We start with Edelen's first challenge-that C.B.'s lost billable hours were not recoverable because they represented a loss only to C.B.'s law firm, and not to C.B. himself. The problem with this argument is that it ignores the evidence presented at the restitution hearing. The prosecution established that during the period C.B. was recovering from his injuries, he billed substantially less than his usual 100 hours per month, resulting in a loss to the firm of $750 per hour for each hour he did not bill. C.B.'s supporting documentation as well as his own testimony substantiated his claim that he lost 97.5 billable hours in April 2021 and 75.6 billable hours in May 2021 due to his injuries, as well as nine more hours attending court hearings and another 20 hours going to physical therapy sessions.

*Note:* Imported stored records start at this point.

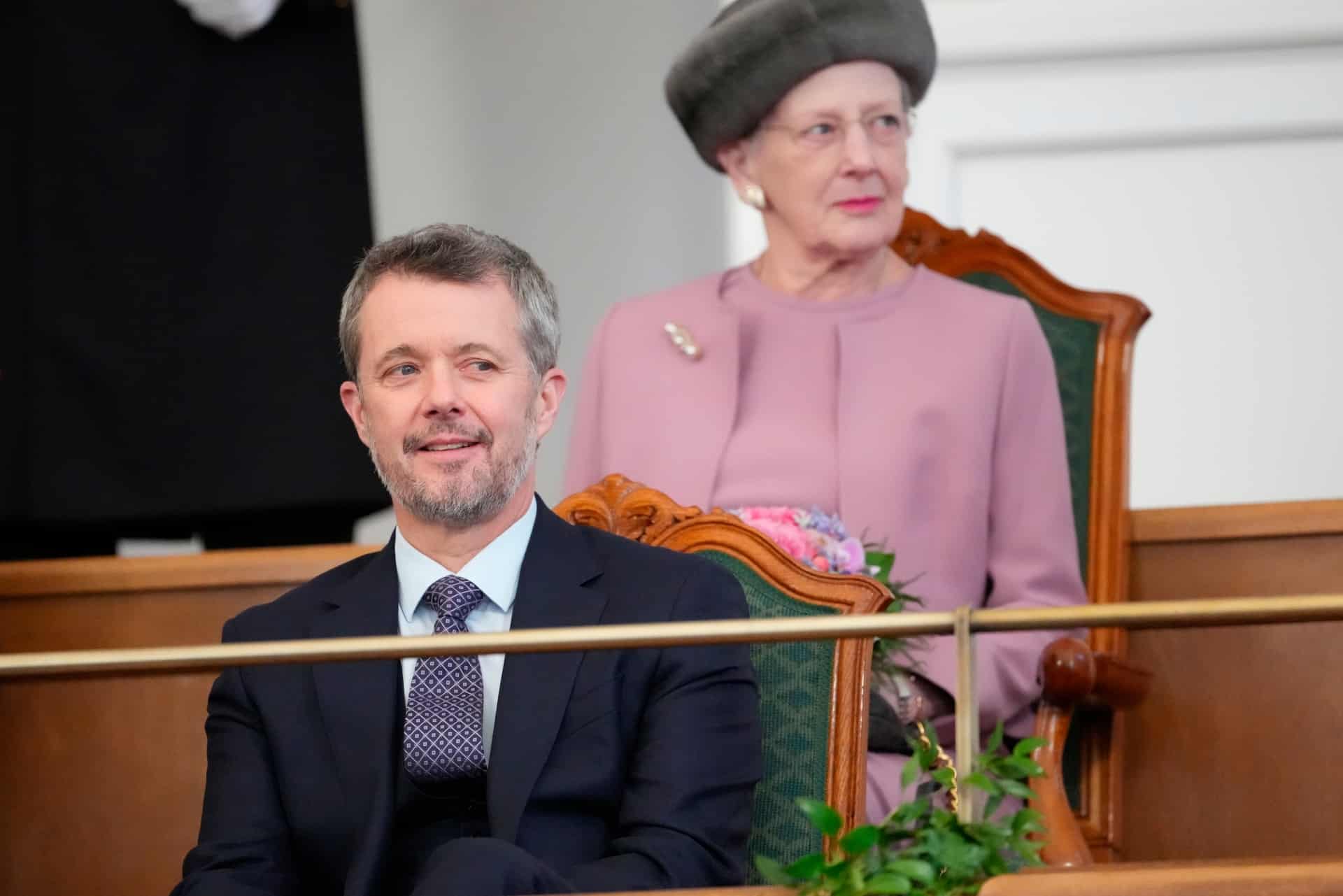 Kong Frederik Har 'et Allerhøjeste Budskab' Til Folketinget: Se Med Her ...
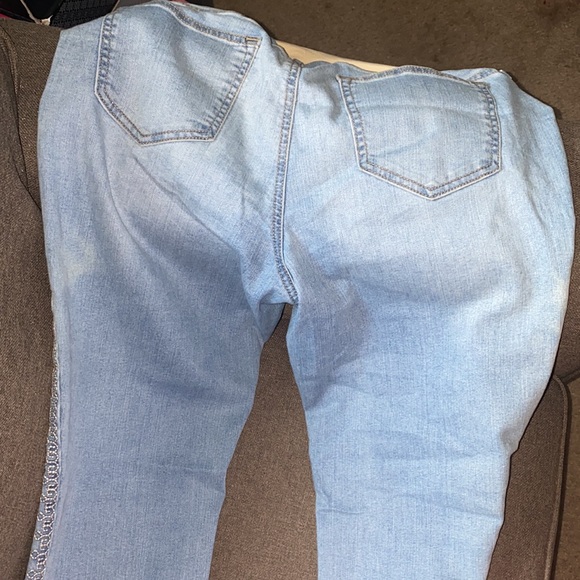 EUC Maternity Stretchy Jean Pants - Picture 7 of 7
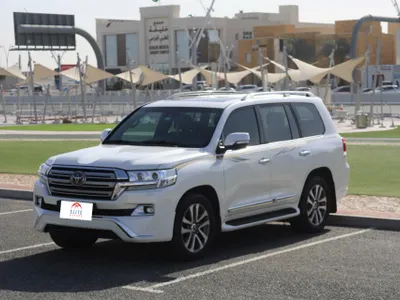 2017 تويوتا لاند كروزر في اكس  اس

Although the retainer agreement produced by C.B. tended to show any client payments would have been directed to C.B.'s law firm rather than to C.B. himself, C.B. testified his law firm was organized as an S corporation,he was its only shareholder, and he took periodic distributions of the firm's profits. He further testified the hours he did not work were not made up by the work of another lawyer, that he was unable to make up for the loss himself by doing extra work in other months, and that the reduction in his billable hours reflected an actual, "[d]ollar for dollar" loss of income to him.
In an S corporation,"' "[e]ach item of corporate income and expense is 'passed through' to the shareholders in exactly the same form as received by the corporation." '" (J.P. Morgan Trust Co. of Delaware v. Franchise Tax Bd. (2022) 79 Cal.App.5th 245, 269.)
C.B. was entitled to full reimbursement of all economic losses, including wage and profit losses, he personally incurred as a result of Edelen's crime. (§ 1202.4, subd. (f)(3)(D); see Giordano, supra, 42 Cal.4th at p. 661.) C.B.'s testimony and documents constituted prima facie evidence his own income, and not just his firm's income, was reduced by the billable hours he was unable to work as a result of his injures from the assault.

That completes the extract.